**Exercise directions:**
Without the pictures, give the records again exactly as they appear.

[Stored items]
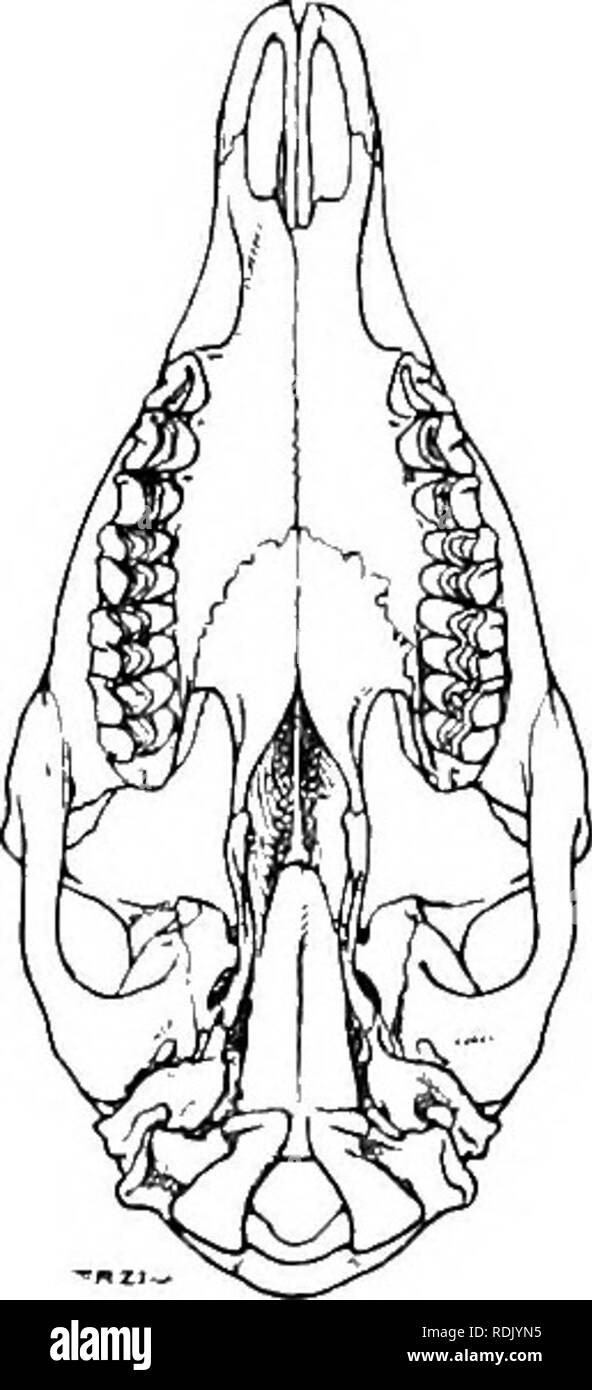 . Catalogue des mammifères ongulés dans le British Museum (Natural History). Les ongulés. Catalogue 220 d'Ongulés Capreolus vulgaris le Niger et C. c. varius, Fitzinger, Sitzber. k. Ah, Wiss. Wien, vol. Ixx, pt. 1, p. 247, 1874. Oaprea capreolus, Bell, Brit. Quadrupèdes, éd. 2, p. Floiver Oarson 262,1874 ; et, Cat. Osteol. Mus. R. Coll. Surg. pt. II, p. 318, 1884 ; Fleur et LydeJcker, étude des mammifères marins, p. 327, 1891 ; Lydehher, cornes et sabots, p. 325, 1893, Br. Manvm. p. 249, 1895 ; Ward, Becords au gros gibier, éd. 2, p. 53, 1896, Ed. 6, p. 92, 1910, Ed. 7, p. 92, 1914 ; Satunin, Zool. Jahrb., Sy Banque D'Images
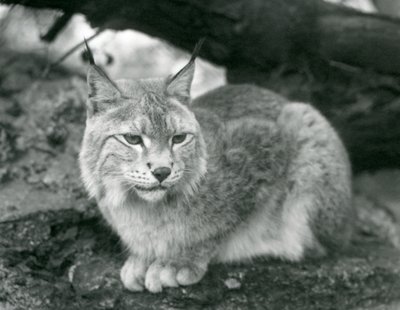Een Noordelijke Lynx die op een rots zit, London Zoo, oktober 1925 door Frederick William Bond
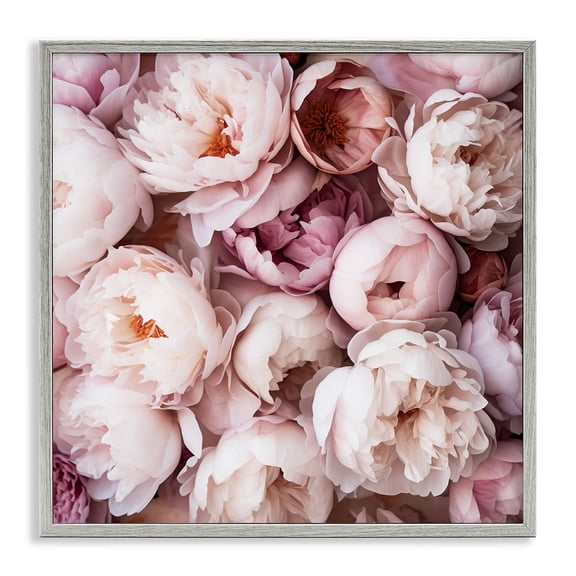 Stupell Industries Cottage Varied Peony Blooms Gray Framed Giclee Art, 24 x 24, by Riley B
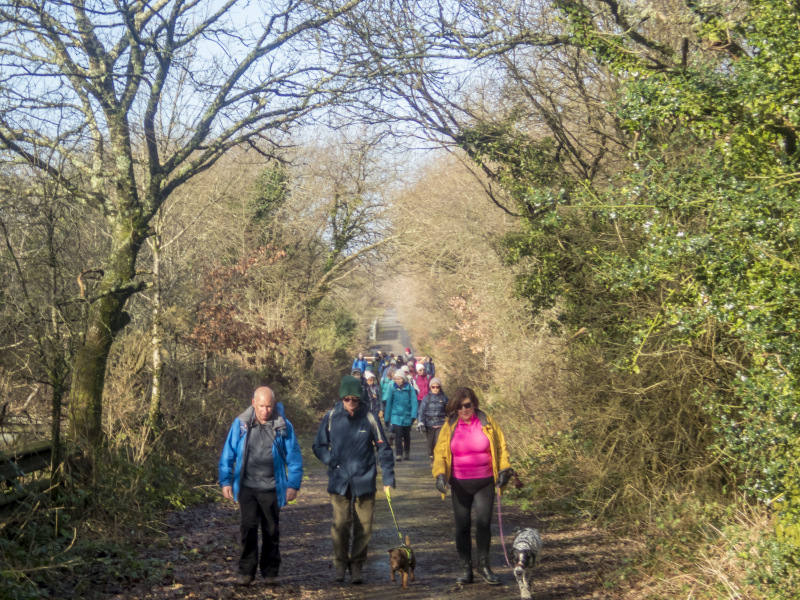 Photograph of Walking Route - Image 6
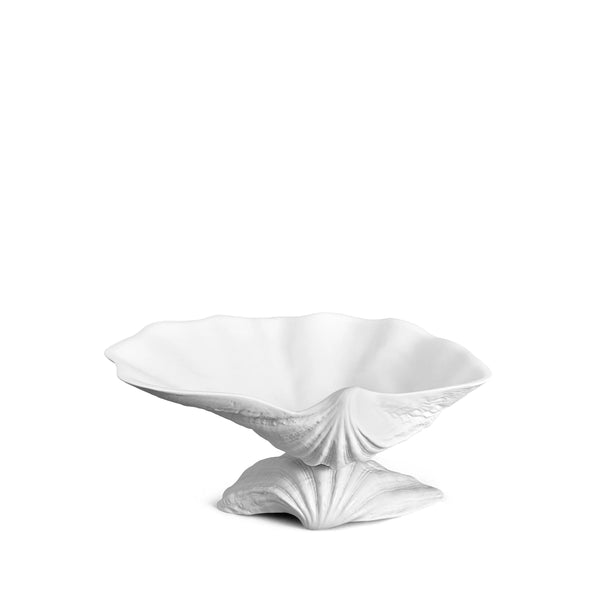 Neptune Bowl - Medium. White porcelain shell-shaped bowl floating on a base. 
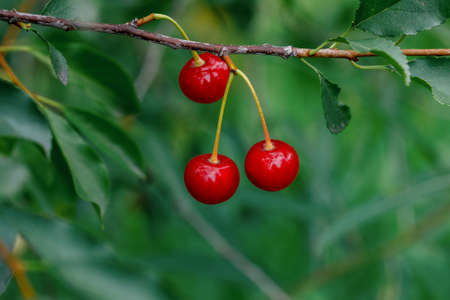 Branch with red berries cherry on gren garden backgroundの写真素材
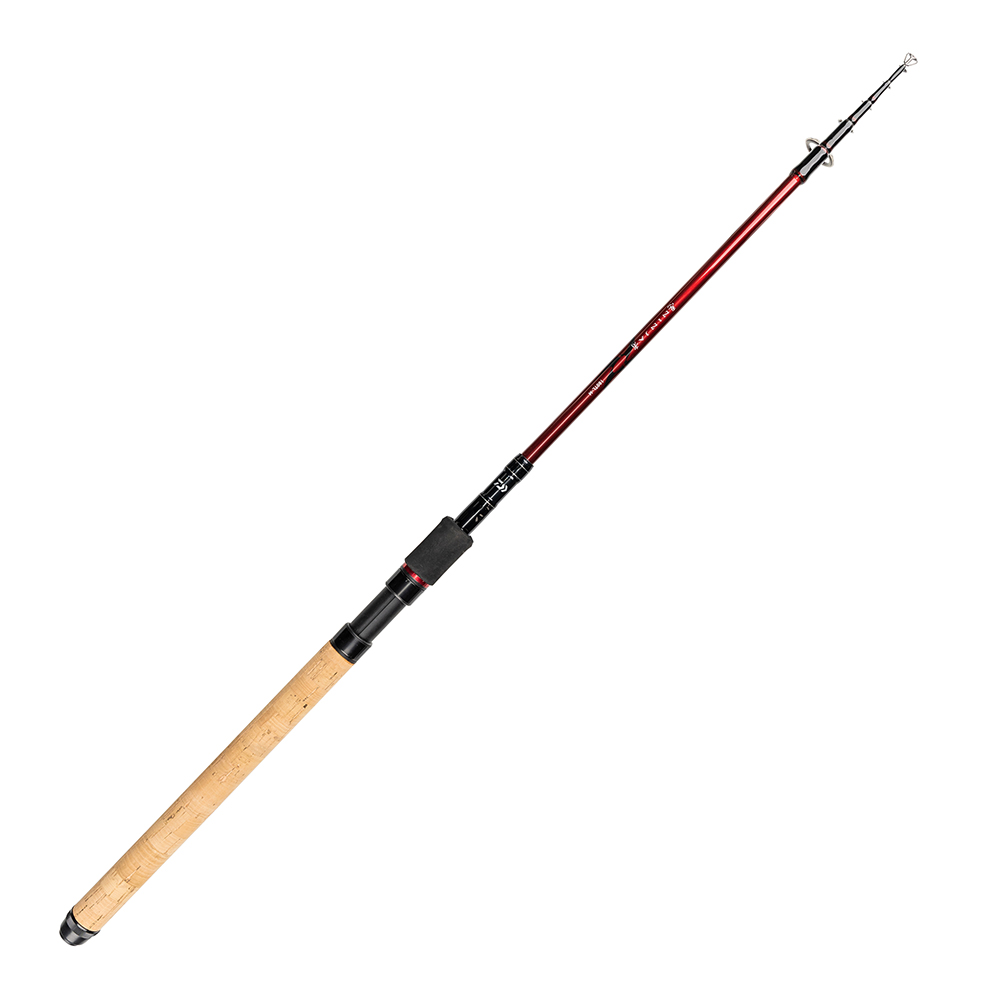 Cần Câu Daiwa Ninja X Tele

**Solution for this exercise:**
 . Catalogue des mammifères ongulés dans le British Museum (Natural History). Les ongulés. Catalogue 220 d'Ongulés Capreolus vulgaris le Niger et C. c. varius, Fitzinger, Sitzber. k. Ah, Wiss. Wien, vol. Ixx, pt. 1, p. 247, 1874. Oaprea capreolus, Bell, Brit. Quadrupèdes, éd. 2, p. Floiver Oarson 262,1874 ; et, Cat. Osteol. Mus. R. Coll. Surg. pt. II, p. 318, 1884 ; Fleur et LydeJcker, étude des mammifères marins, p. 327, 1891 ; Lydehher, cornes et sabots, p. 325, 1893, Br. Manvm. p. 249, 1895 ; Ward, Becords au gros gibier, éd. 2, p. 53, 1896, Ed. 6, p. 92, 1910, Ed. 7, p. 92, 1914 ; Satunin, Zool. Jahrb., Sy Banque D'Images
Een Noordelijke Lynx die op een rots zit, London Zoo, oktober 1925 door Frederick William Bond
 Stupell Industries Cottage Varied Peony Blooms Gray Framed Giclee Art, 24 x 24, by Riley B
 Photograph of Walking Route - Image 6
 Neptune Bowl - Medium. White porcelain shell-shaped bowl floating on a base. 
 Branch with red berries cherry on gren garden backgroundの写真素材
 Cần Câu Daiwa Ninja X Tele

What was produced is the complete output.